Quelques chiffres à l’échelle mondiale, publiés par Oxfam en 2020, illustrent avec effroi cette réalité :
- Les femmes effectuent 12,5 milliards d’heures de travail de soin non rémunéré par jour. À un salaire minimum, cela représenterait une contribution à l’économie mondiale d’au moins 10 800 milliards de dollars par an, soit plus de trois fois la valeur du secteur mondial de la technologie ;
- Dans le monde, 42 % des femmes ne peuvent accéder à un emploi rémunéré du fait de leurs responsabilités en matière de travail de soin non rémunéré.

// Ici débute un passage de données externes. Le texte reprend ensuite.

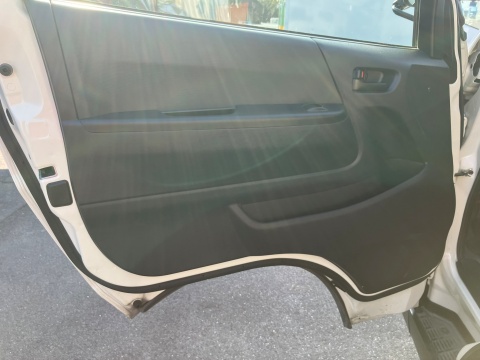 中古バス トヨタ ハイエース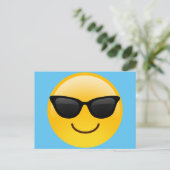 Lächelndes Gesicht mit Sonnenbrille Coole Emoji Postkarte (Stehend Vorderseite)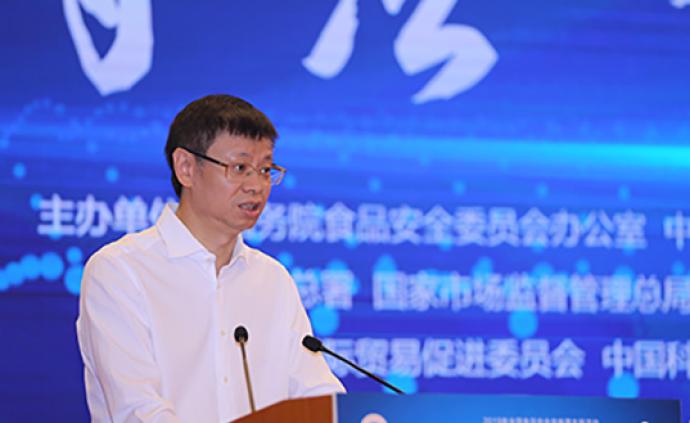 上海副市长许昆林：把保障食品安全的责任放在心上、扛在肩上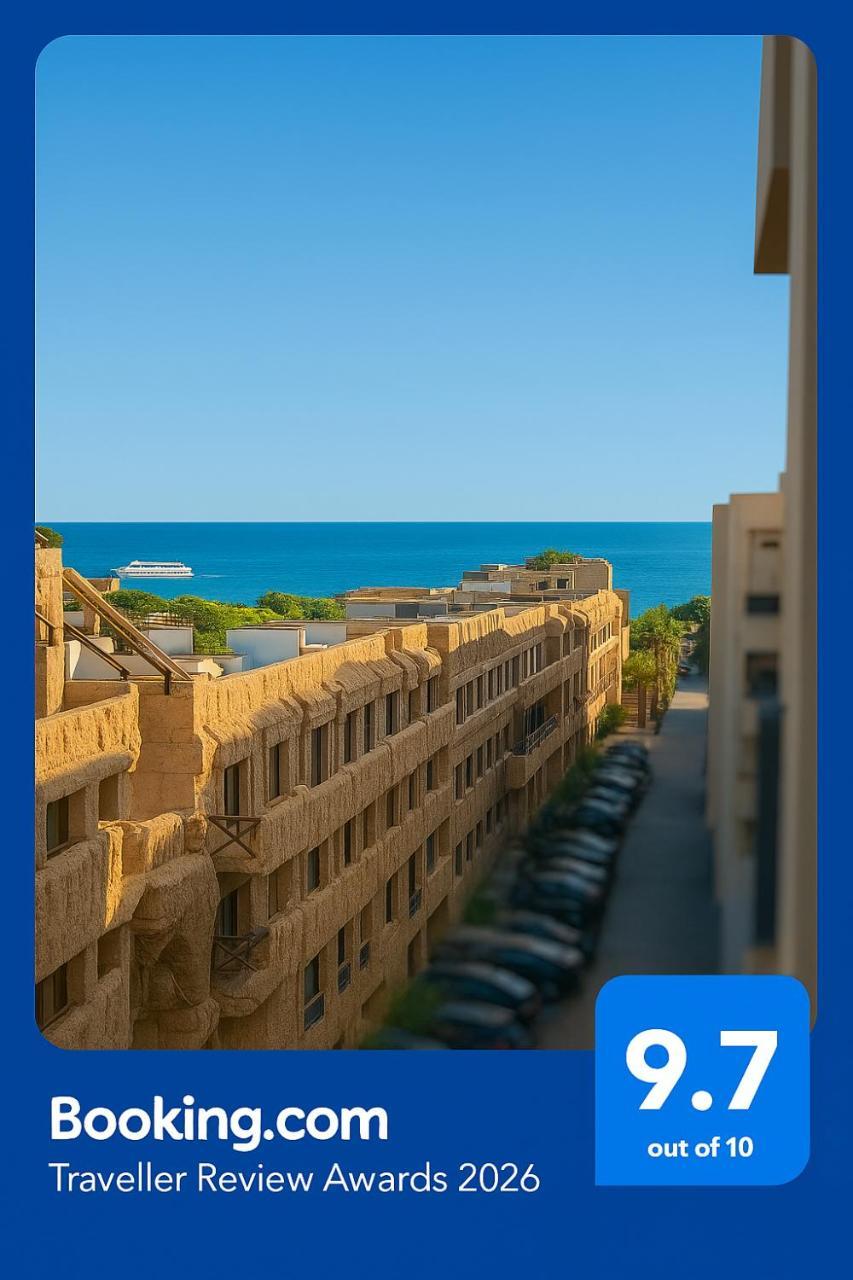 Selena Bay Luxury Sea View 1br Apartment, Private Beach And Pool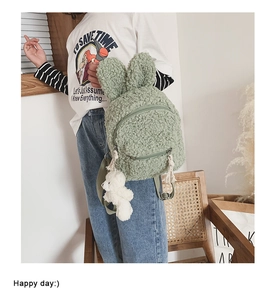 Détail du sac à dos en peluche vert clair pour enfant avec oreilles de lapin et ourson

Défendre un autre modèle de société
L’exploitation du travail du care est donc structurellement élaborée pour remplir des objectifs précis, selon une vision unilatérale et stratégique. Ainsi, la revalorisation et la répartition plus égalitaire de ce type de tâches, qu’elles soient rémunérées ou non, doivent nécessairement s’intégrer dans une perspective de changement de paradigme. Car le modèle actuel n’est pas viable ! Rappelons-nous que le jour où les femmes décideront de s’arrêter, le monde s’arrêtera. En cela, comprenons bien le capitalisme (et ses partisan·e·s) qui peinent à se rendre compte que l’essentiel n’a pas de prix. Que leur programme mortifère repose sur des secteurs, des personnes, des femmes à bout de souffle, méprisé·e·s, précarisé·e·s et isolé·e·s, qui finiront/finissent par s’écrouler. À l’heure de la prise de conscience, pour laquelle nous nous battons chaque jour, peut-être qu’enfin, un modèle basé sur la vraie valeur de l’humanité, le soin aux autres, pourra émerger.